Storia di un disabile gay, solo contro tutti
Articolo del 17 giugno 2013 di Ivano Abbadessa pubblicato su West
Impiegato, trentenne, gay, costretto a vivere su una carrozzina. E’ questa la storia di Antonio e del suo difficile rapporto con la comunità LGBT. Dalla quale si sente escluso e discriminato. Proprio come una minoranza nella minoranza.
«La stragrande maggioranza dei membri della comunità LGBT – dice Antonio – guarda con diffidenza o addirittura ignora la mia presenza in ambienti pubblici, a meno che non inciampino tra i miei piedi.
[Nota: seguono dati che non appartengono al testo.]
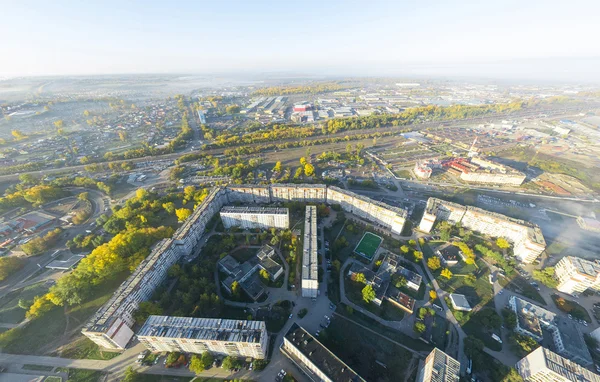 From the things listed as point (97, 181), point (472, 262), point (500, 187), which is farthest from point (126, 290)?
point (500, 187)

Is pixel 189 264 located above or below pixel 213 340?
below

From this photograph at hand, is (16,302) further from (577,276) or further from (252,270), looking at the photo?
(577,276)

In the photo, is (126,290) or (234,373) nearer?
(234,373)

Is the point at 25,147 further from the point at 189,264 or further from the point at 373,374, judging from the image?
the point at 373,374

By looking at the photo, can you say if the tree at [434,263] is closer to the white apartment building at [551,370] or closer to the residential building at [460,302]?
the residential building at [460,302]

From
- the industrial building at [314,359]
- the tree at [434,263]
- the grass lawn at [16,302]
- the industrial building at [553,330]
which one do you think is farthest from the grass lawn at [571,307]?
the grass lawn at [16,302]

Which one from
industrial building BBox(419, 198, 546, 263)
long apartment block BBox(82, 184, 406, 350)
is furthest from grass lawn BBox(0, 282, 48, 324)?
industrial building BBox(419, 198, 546, 263) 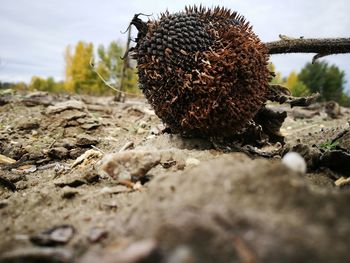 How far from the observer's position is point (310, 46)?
11.6 ft

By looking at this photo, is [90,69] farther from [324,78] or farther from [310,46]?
[310,46]

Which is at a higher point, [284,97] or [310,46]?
[310,46]

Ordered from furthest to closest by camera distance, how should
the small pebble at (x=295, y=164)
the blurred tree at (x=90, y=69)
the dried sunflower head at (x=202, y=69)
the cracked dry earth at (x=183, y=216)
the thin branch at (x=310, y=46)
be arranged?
1. the blurred tree at (x=90, y=69)
2. the thin branch at (x=310, y=46)
3. the dried sunflower head at (x=202, y=69)
4. the small pebble at (x=295, y=164)
5. the cracked dry earth at (x=183, y=216)

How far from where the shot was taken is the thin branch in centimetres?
344

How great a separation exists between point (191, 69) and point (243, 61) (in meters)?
0.42

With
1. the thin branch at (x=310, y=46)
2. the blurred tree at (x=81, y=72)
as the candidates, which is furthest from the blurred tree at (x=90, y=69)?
the thin branch at (x=310, y=46)

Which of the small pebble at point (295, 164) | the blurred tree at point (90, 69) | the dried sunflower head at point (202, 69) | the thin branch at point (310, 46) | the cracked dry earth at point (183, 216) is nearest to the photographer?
the cracked dry earth at point (183, 216)

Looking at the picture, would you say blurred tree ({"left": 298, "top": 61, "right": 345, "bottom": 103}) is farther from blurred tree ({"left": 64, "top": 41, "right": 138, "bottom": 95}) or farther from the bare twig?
the bare twig

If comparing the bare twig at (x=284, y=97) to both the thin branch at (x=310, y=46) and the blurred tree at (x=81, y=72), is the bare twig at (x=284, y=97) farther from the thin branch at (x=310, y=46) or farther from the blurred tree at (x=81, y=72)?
the blurred tree at (x=81, y=72)

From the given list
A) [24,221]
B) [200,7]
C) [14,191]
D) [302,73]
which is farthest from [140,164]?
[302,73]

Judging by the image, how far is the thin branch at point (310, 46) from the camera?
344 centimetres

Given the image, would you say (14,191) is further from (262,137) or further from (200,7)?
(262,137)

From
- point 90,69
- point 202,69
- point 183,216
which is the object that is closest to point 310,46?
point 202,69

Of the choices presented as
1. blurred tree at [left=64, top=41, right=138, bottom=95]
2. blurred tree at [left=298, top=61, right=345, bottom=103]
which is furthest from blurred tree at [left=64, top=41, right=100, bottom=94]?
blurred tree at [left=298, top=61, right=345, bottom=103] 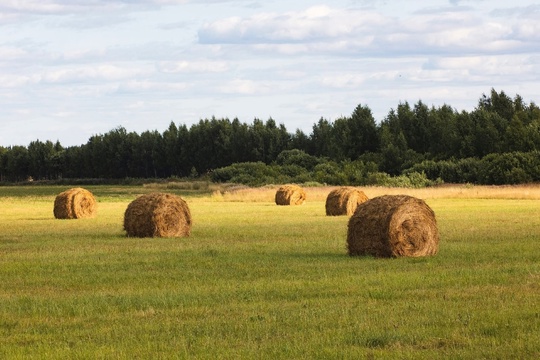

Purtroppo, l’impatto visivo resta sempre il primo elemento di selezione, e una sedia a rotelle può senza dubbio risultare una nota stonata in un ambiente dove la fisicità la fa da padrona.» Lo stesso, però, non accade su internet. Dove gli omosessuali, invece, «mostrano maggiore curiosità nei confronti della mia condizione e non disdegnano l’interazione, anche se spesso, la conoscenza non si finalizza quasi mai in un incontro reale.»
«Oltre allo spiazzamento che l’impatto visivo può provocare al principio, c’è da tener conto che il tipo di disabilità dal quale sono affetto ha compromesso anche fisicamente la mia sfera sessuale. Avendo potuto vivere l’omosessualità da persona non disabile, prima del mio incidente, sono ben consapevole che questa “non prestanza” possa rendermi poco appetibile come partner.»
Nonostante questo, però, sul lato sentimentale Antonio è riuscito ad avere una relazione con un ragazzo durata 9 anni. A testimonianza del fatto che non sempre gli omosessuali si fossilizzano sulla canonicità dei rapporti e dei ruoli attivo/passivo/versatile. Ma «possono apprezzare il contatto fisico con un corpo fuori dagli stereotipi diffusi nella comunità LGBT.
Riuscendo a godere di una forma di sesso allo stesso modo intensa e intima a livello fisico (anche se limitata), ma cerebralmente molto piena e appagante.»
Per quanto riguarda l’attivismo gay, Antonio, spera che la sua «presenza pubblica nella vita della comunità LGBT serva a rompere gli schemi e a unificare le varie identità, che spesso tendono ad escludersi a vicenda. Nel caso delle persone con disabilità, la discriminazione nell’ambiente omosessuale è ancora tutt’oggi molto forte, vittima di una cultura del “bello” largamente diffusa e sponsorizzata dai media di qualsiasi orientamento e classe sociale.»
Dal 2007, anno in cui si realizzò “Abili di cuore”, il primo studio sui disabili GLB nel nostro Paese, Antonio non ha notato progressi evidenti.
«Anche perché spesso la scarsa partecipazione delle persone disabili nella vita pubblica LGBT, dovuta a problematiche di vario genere, tende a far vivere la nostra presenza come una minoranza nella minoranza da “tollerare”. È questo – dice Antonio – il maggior ostacolo da superare: non dover subire una doppia discriminazione, soprattutto da parte di coloro che conoscono in prima persona il peso di questo ingiusto pregiudizio.